Add 🚿 life cycle leak test

samccone commented 8 years ago

What:

Add a drool memory test for paper button :scroll: :radio_button:

Do I have leaks¿

No! :tada: this component is all good

node delta	heap delta	event listener delta
0	0 bytes	0

Why

It is quite easy to introduce life cycle memory leaks into components, and is very hard to automatically detect :mag: these kind of regressions. Drool makes it super duper easy to test for these kind of issues in the real world (only 19 LOC in this case) without being @paulirish

Who is even using this?

Lots of people... TodoMVC, Material Design Lite, and others... I promise

Running locally

npm run drool

Does this even work?

Example of a leaking version

screen shot 2015-10-23 at 8 04 04 pm

node delta	heap delta	event listener delta
5	0 bytes	0

Goals

if we land this... we can go ahead and add this code to all of the components.. and roll it into our CI process :tada: .. which means CI will go red if we actually have leaks :fountain: ... It is a magical thing when it works

:bug:

:crocodile:

cdata commented 8 years ago

Thanks for the contribution! Taking a look.

cdata commented 8 years ago

@samccone Thanks for the contribution. drool looks really cool. I love the idea of failing builds when memory leaks are automatically detected.

Do you think it would be possible to express the same sort of detection as a Polymer element? It seems like there is an awesome opportunity here to make a memory leak testing element (even if it only activates in Chrome).

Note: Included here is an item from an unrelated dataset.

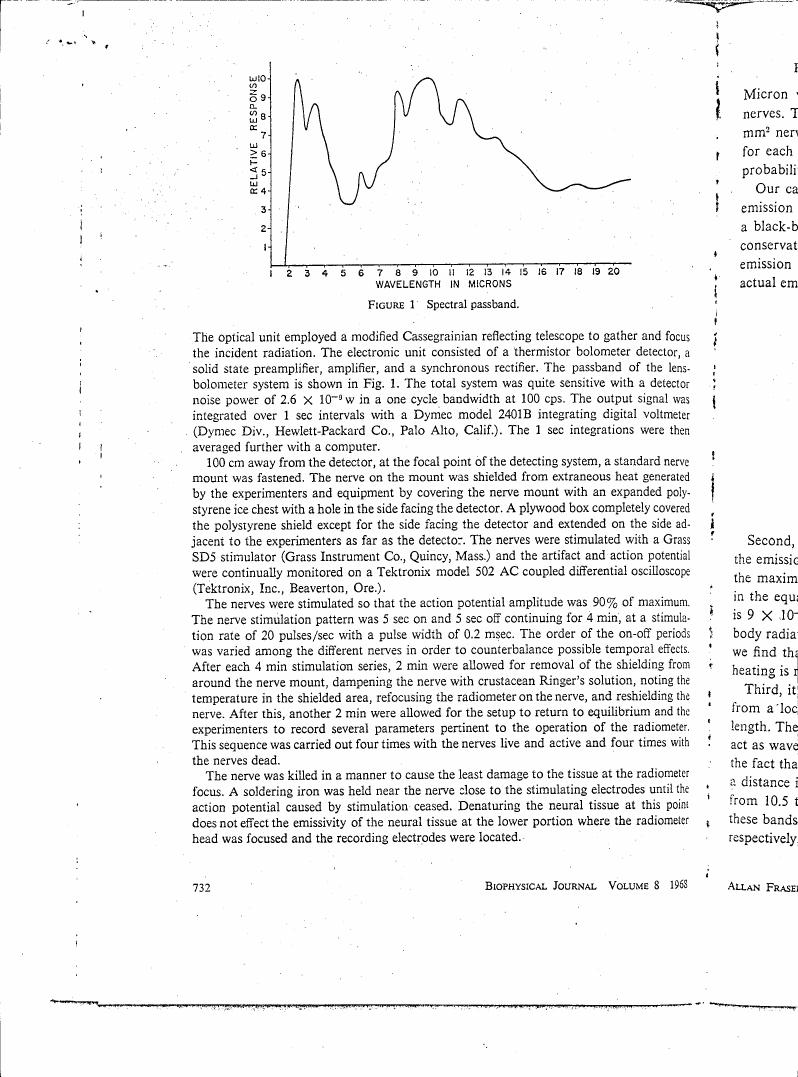 AI-described figure: Figure 1: Spectral passband showing relative response across wavelengths in microns.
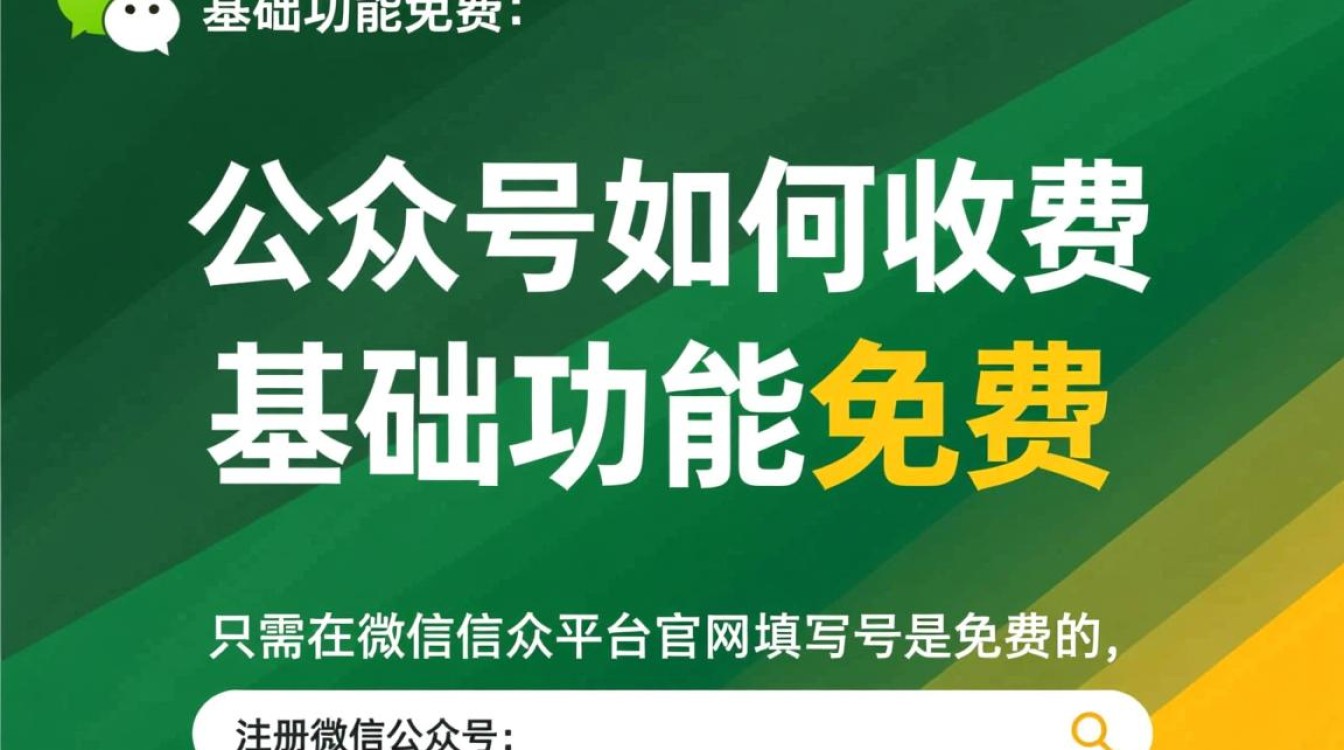微信公众号收费标准是什么？不同类型账号收费如何区别？-图1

If we did this, we could tie the outcome of the memory leak detection into our existing test runner, WCT. There would be no need to bring in an additional selenium-driving node process to our test suite (yay faster tests!) and we could avoid adding many new npm modules to our dependency graph.

@azakus has suggested to me that we could enable necessary chrome-driver flags for this in WCT quite easily.

WDYT? Shall we make a drool-element?

samccone commented 8 years ago

memory leak testing element

I am not sure exactly how this would work given the tight coupling with selenium and chrome to expose the necessary tracing flags and others https://github.com/samccone/drool/blob/master/lib/index.js#L80

As of 2015 there is no way to get this kind of tracing data from within chrome, so the instrumentation level has to be external ATM.

If we did this, we could tie the outcome of the memory leak detection into our existing test runner

This should be trivial to do ideally... the test runner could just run this node process and check the exit status, that is the way we are currently doing it on other projects that take advantage of this tool.

as far as npm dependencies, drool and polymer-drool are about as lightweight as they come

https://github.com/samccone/drool/blob/master/package.json#L12-L14 https://github.com/samccone/polymer-drool/blob/master/package.json

The idea here (of polymer-drool) being that anyone that has created a polymer element can simply write 5 lines of code and have a working memory regression suite, regardless of whatever testing solution they have in place.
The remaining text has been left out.